CHARLOTTE, N.C. -- Mecklenburg commissioners said Tuesday they want more assurances about the Charlotte Knights' long-delayed plans for a Third Ward stadium before they'll consider whether to extend a lease agreement for the ballpark.
Some members said they're not ready to walk away from the project, but they want to see some progress. The latest ballpark plan was pitched five years ago, but the team still hasn't finalized its financing.
"I think we need to know this train is going to be coming out of the station if we're going to extend this lease," said Commissioner Neil Cooksey.
The board asked its economic development committee to work with the Knights to map out what the team will need to show commissioners before any changes to the lease can be made.
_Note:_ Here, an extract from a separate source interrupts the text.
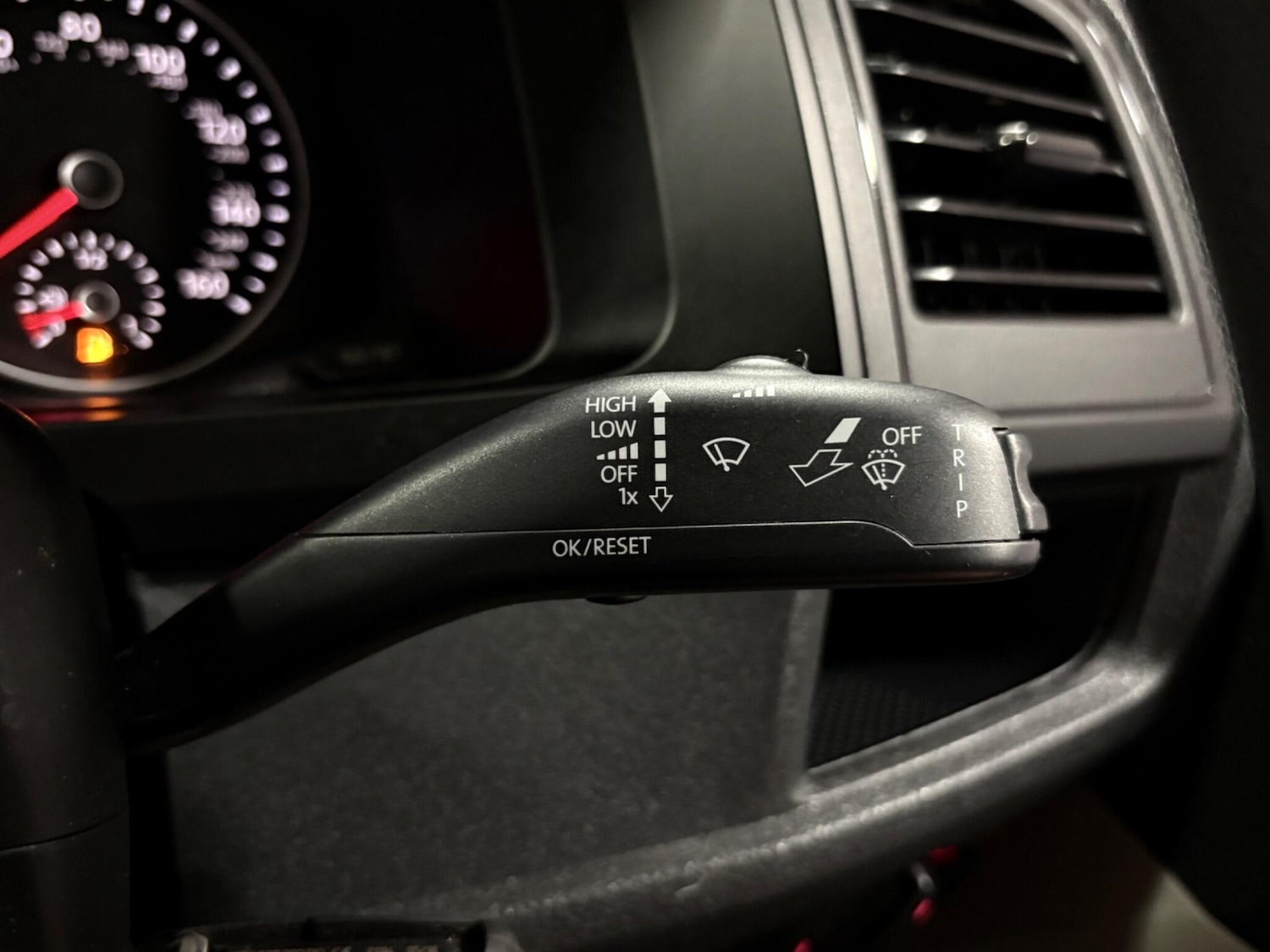 Used Volkswagen Transporter 2018 for sale - 78007348: Photo 32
That could include setting deadlines on when the team could have financing lined up and a construction start date.
The board will weigh the project again by the end of the summer.
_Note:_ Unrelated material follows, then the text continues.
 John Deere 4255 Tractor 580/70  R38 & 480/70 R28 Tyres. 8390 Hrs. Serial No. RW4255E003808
Timing is key, because the team's current lease with the county calls for the planned stadium to be "substantially" or 90 percent completed by September. And there's no way the team will meet that deadline.
Knights General Manager Dan Rajkowski said Tuesday the soonest the team might be able to move into a new stadium would be 2013. But a lot would have to happen before then.
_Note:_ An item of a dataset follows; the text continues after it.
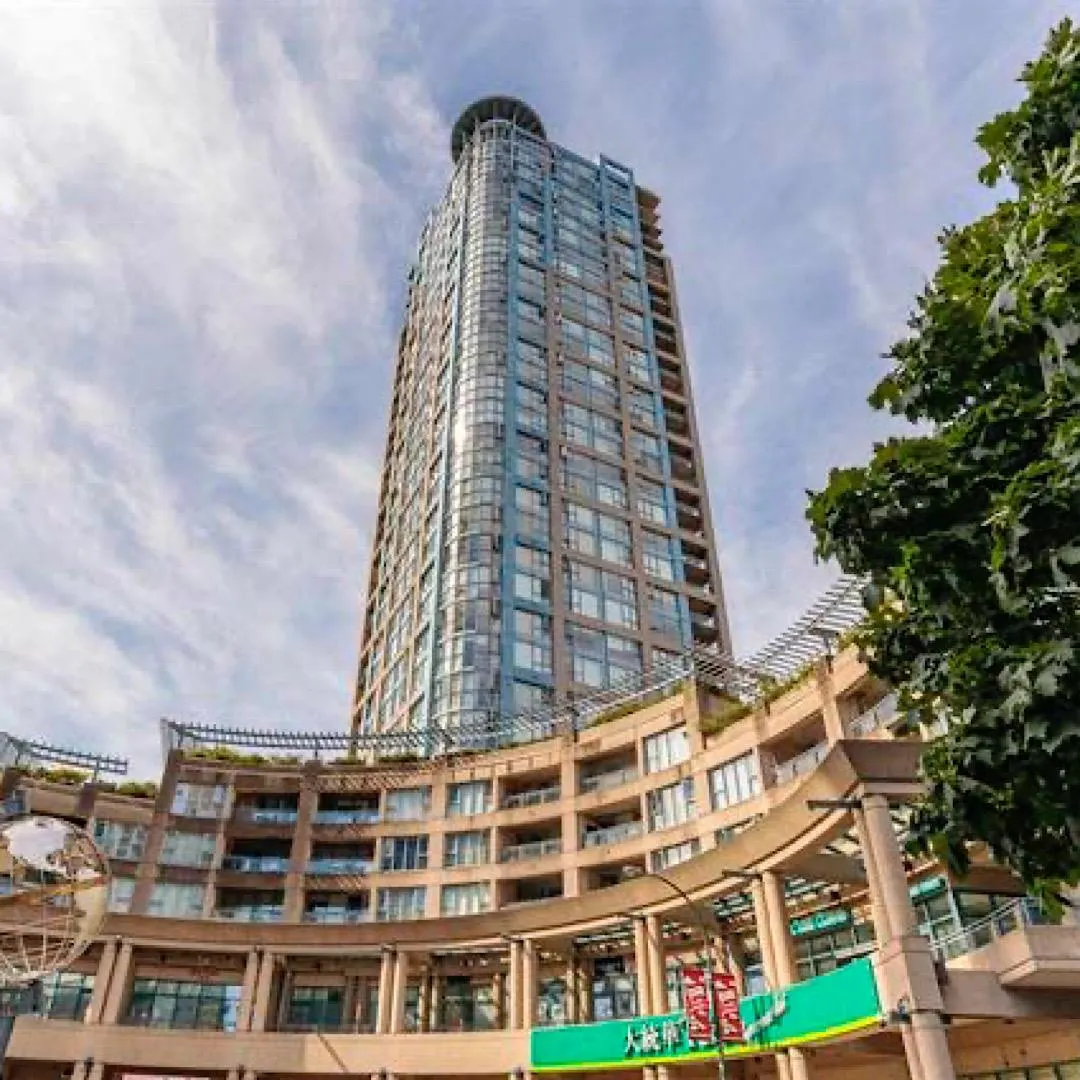 3201 183 Keefer Place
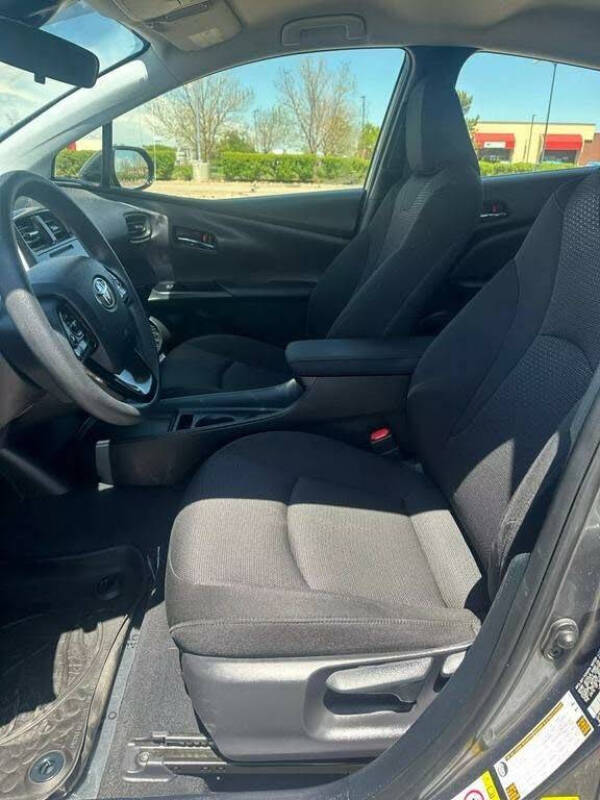 2019 Toyota Prius LE AWD-e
"The goal is to bring this team, to bring this business here to bring these jobs here as soon as we possibly can," he said.
The Knights are a triple-A affiliate of the Chicago White Sox and currently play in Fort Mill.
Tuesday's meeting marked the first time most on the current board have discussed the baseball deal. Only four of the commissioners were on the board in early 2008, when the stadium lease was approved.
The deal calls for the Knights to pay $1 annually for up to 99 years to lease about eight acres of county land. The 10,000-seat stadium is planned for land bounded by South Graham, West Fourth and South Mint streets and Martin Luther King Jr. Boulevard.
The deal has been stalled for a number of reasons, primarily the economy and lawsuits filed by an attorney who wants the city to build a major-league stadium uptown.
Rajkowski said that commitment letters for naming sponsorships have expired and the amount of money some partners might be able to provide has dropped. He said the deals aren't dead, but the team is working under different conditions.
Commissioner Dumont Clarke said he thinks the stadium would be good for uptown, and its construction could create jobs. But he stressed that given the economic environment, the team can't expect the county to provide money or resources beyond what's already called for in the lease.